Je progresse centimètre par centimètre dans la dernière longueur où les conditions sont, s’il est possible, encore plus horribles qu’ailleurs. Le temps n’existe plus. Je connais l’endroit, je sais que le plateau est là, tout proche, je sais que c’est presque fini. Creuser une dernière fois la neige, trouver la prise, se rétablir... Et d’un seul coup, tout se relâche, la croix surgit quinze mètres au-dessus de moi, en plein vent, emprisonnée par la glace au sommet de ce plateau “inaccessible”, isolé du reste du monde par celui de la verticalité. Je suis submergé par l’émotion, j’ai le sentiment profond d’être allé jusqu’au bout de moi-même, d’avoir tout donné et, à genoux dans la neige, pendant un long moment, je pleure comme un enfant.
Ici, au Corno Stella, j’ai rejoint mon adolescence, ma découverte de la montagne.
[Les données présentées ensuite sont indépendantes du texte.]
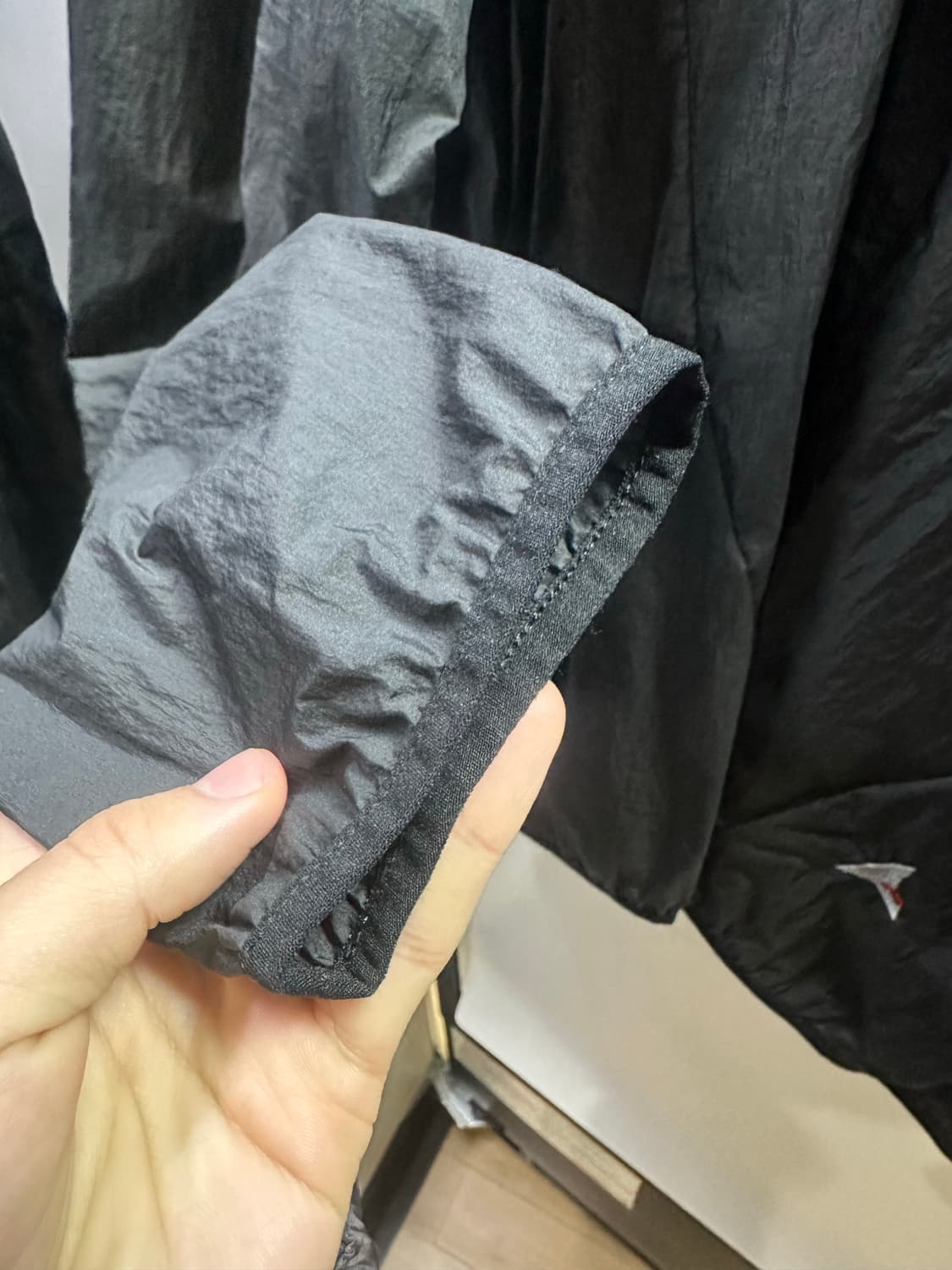 로아 패커블 바람막이 L 상품이미지6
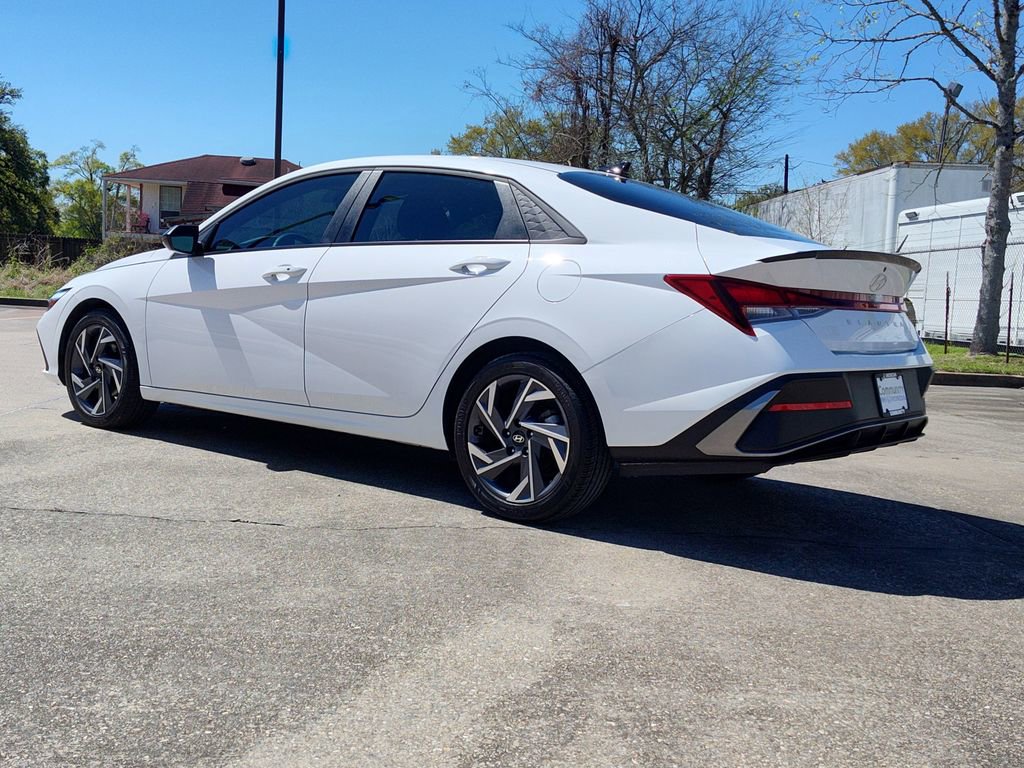 Used 2025 Hyundai Elantra Sport image 4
J’ai toujours rêvé de gravir en solitaire et en hiver cette paroi qui, il y a trente ans, symbolisait la difficulté extrême dans ce massif, un véritable mythe. Aujourd’hui, au bout de ce “voyage”, mon rêve s’accomplit.
D’après: Legato ma libero, Vivalda, 2002.
Patrick Berhault
Né en 1957 à Thiers, dans le centre de la France, il découvrit tout jeune l’alpinisme dans les Alpes Maritimes. S’affirmant comme grand talent dans l’escalade de falaises, il manifesta une prédilection pour l’alpinisme extrême de haute montagne. D’août 2000 à février 2001 il fut le principal acteur d’une « grande traversée » des Alpes, racontée en deux volumes et un film. Il disparut en 2004 sur une corniche mouvante de neige, sur la crête de Don de Mischabel (Suisse).